◆ TO DO ◆
Every line below that contains the word "assignment" must be copied.

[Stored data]

*** Block opens ***

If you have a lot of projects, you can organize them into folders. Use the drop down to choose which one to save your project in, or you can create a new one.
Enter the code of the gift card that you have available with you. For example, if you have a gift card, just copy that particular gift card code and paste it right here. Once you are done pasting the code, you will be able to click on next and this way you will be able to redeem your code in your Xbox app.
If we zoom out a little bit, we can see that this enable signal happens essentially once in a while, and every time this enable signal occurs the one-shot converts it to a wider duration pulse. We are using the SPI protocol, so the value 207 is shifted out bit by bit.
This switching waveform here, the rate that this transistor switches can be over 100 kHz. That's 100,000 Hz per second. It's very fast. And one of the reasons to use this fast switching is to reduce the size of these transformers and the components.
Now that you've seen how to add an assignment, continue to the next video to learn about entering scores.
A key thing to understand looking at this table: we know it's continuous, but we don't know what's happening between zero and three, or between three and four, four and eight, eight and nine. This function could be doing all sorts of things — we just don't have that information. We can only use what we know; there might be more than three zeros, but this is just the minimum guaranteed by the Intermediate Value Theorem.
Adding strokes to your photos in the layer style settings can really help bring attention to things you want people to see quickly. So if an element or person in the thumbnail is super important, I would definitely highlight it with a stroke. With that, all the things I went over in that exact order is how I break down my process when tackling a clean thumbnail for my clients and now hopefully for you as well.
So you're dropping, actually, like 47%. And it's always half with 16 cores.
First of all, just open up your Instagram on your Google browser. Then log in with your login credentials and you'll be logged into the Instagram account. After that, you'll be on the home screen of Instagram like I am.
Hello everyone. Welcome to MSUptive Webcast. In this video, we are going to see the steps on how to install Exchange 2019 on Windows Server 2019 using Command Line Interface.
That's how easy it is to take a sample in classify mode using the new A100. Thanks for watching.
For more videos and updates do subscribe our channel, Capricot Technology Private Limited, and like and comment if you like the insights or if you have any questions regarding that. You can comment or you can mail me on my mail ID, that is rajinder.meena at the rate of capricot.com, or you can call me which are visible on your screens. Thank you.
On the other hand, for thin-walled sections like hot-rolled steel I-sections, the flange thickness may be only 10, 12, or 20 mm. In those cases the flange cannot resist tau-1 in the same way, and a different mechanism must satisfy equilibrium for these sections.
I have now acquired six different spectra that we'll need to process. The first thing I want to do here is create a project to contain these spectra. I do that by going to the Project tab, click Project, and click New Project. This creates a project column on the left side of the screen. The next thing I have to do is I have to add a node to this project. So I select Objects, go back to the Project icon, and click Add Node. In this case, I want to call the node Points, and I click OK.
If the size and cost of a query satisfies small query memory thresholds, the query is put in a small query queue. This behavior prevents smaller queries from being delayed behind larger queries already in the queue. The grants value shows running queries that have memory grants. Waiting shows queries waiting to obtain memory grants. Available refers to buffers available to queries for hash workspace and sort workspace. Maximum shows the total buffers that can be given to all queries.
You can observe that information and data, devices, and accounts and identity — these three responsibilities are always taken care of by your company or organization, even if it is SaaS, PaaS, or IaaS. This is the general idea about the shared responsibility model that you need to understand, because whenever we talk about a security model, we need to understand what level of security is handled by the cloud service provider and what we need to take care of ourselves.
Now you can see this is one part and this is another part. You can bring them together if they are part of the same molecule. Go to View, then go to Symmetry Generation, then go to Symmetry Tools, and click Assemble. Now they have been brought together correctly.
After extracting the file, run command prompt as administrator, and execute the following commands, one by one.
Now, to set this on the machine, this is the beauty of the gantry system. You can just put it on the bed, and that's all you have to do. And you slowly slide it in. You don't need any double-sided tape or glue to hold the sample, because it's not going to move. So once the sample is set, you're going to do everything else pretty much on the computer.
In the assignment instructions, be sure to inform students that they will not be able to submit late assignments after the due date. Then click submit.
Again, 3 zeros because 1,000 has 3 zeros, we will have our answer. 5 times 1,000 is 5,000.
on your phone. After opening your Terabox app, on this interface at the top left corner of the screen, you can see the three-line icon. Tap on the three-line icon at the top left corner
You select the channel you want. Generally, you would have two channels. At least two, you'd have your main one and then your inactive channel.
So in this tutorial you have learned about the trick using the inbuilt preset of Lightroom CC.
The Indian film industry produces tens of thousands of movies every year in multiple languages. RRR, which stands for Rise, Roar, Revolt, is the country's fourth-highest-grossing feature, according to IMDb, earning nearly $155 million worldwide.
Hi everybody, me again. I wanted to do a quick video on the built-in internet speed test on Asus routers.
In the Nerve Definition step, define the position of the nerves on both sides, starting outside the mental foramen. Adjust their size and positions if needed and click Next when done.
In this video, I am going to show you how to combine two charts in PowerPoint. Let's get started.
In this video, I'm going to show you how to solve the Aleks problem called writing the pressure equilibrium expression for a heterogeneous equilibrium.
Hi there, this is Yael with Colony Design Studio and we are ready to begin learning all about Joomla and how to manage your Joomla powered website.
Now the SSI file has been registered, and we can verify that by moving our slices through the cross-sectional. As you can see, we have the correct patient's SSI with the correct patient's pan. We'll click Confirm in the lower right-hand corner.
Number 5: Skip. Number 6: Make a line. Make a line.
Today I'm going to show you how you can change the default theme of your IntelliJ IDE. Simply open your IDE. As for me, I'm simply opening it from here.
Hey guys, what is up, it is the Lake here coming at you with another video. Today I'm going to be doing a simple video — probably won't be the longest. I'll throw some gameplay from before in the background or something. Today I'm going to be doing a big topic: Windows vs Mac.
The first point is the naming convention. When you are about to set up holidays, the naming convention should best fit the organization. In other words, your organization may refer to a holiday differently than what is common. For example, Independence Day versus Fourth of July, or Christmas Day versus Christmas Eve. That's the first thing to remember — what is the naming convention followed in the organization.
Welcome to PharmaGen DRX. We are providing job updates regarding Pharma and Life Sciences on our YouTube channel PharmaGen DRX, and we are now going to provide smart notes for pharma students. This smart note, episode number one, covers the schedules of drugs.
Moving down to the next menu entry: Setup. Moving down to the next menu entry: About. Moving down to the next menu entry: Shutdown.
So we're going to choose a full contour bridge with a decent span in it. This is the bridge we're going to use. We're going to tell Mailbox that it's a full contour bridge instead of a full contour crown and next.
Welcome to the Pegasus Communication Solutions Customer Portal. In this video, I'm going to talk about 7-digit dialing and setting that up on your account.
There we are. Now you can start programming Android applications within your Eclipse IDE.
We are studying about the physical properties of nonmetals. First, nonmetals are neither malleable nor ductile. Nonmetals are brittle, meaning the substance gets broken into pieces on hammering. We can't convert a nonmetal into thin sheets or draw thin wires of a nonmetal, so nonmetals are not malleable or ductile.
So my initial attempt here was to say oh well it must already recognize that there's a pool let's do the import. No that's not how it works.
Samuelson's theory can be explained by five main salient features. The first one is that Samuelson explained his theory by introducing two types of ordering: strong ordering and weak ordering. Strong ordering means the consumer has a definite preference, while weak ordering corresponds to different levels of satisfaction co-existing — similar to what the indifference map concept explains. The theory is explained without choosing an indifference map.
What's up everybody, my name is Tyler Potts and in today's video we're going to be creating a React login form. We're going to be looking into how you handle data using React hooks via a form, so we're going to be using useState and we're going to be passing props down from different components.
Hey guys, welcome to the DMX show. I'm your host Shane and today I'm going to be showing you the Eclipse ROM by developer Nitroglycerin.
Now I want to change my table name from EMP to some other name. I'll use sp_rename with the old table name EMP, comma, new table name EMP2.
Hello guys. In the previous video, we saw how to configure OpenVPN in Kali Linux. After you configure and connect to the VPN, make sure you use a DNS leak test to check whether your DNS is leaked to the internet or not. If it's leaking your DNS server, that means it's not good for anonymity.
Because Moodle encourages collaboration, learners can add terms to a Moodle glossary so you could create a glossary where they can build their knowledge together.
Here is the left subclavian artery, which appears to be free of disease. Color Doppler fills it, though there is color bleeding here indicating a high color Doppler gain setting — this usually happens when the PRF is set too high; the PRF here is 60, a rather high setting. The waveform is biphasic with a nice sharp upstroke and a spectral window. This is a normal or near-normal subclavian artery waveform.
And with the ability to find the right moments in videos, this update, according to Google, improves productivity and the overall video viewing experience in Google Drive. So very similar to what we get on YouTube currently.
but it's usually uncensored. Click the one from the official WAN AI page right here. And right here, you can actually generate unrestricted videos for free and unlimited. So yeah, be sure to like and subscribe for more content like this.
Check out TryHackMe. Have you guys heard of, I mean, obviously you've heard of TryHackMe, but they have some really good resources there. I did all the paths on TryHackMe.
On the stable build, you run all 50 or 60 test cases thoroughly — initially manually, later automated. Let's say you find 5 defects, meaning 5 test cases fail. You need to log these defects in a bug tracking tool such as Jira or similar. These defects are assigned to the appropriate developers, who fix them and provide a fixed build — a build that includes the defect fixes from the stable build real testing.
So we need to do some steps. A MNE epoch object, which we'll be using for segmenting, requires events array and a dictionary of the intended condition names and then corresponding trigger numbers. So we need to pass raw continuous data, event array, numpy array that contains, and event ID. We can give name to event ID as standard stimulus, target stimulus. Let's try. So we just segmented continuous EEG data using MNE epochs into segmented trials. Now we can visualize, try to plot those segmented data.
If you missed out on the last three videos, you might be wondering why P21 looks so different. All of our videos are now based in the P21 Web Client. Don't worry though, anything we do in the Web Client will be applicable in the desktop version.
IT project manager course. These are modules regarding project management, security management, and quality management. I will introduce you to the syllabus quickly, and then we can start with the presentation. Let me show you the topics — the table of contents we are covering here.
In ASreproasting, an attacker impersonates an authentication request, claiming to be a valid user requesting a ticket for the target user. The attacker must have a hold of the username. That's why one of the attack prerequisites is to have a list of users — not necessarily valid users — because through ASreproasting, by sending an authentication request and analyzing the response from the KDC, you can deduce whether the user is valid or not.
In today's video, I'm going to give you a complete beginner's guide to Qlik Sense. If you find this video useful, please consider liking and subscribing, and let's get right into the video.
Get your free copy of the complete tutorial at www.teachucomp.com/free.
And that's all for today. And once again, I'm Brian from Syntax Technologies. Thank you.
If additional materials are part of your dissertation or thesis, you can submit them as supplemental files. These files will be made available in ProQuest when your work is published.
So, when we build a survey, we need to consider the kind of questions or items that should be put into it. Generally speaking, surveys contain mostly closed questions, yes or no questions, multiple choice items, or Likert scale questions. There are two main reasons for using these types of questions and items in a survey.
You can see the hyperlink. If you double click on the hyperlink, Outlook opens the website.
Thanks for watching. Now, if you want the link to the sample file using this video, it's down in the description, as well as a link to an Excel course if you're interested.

*** Block closes ***

◆ WRITTEN RESPONSE ◆
Now that you've seen how to add an assignment, continue to the next video to learn about entering scores.
In the assignment instructions, be sure to inform students that they will not be able to submit late assignments after the due date. Then click submit.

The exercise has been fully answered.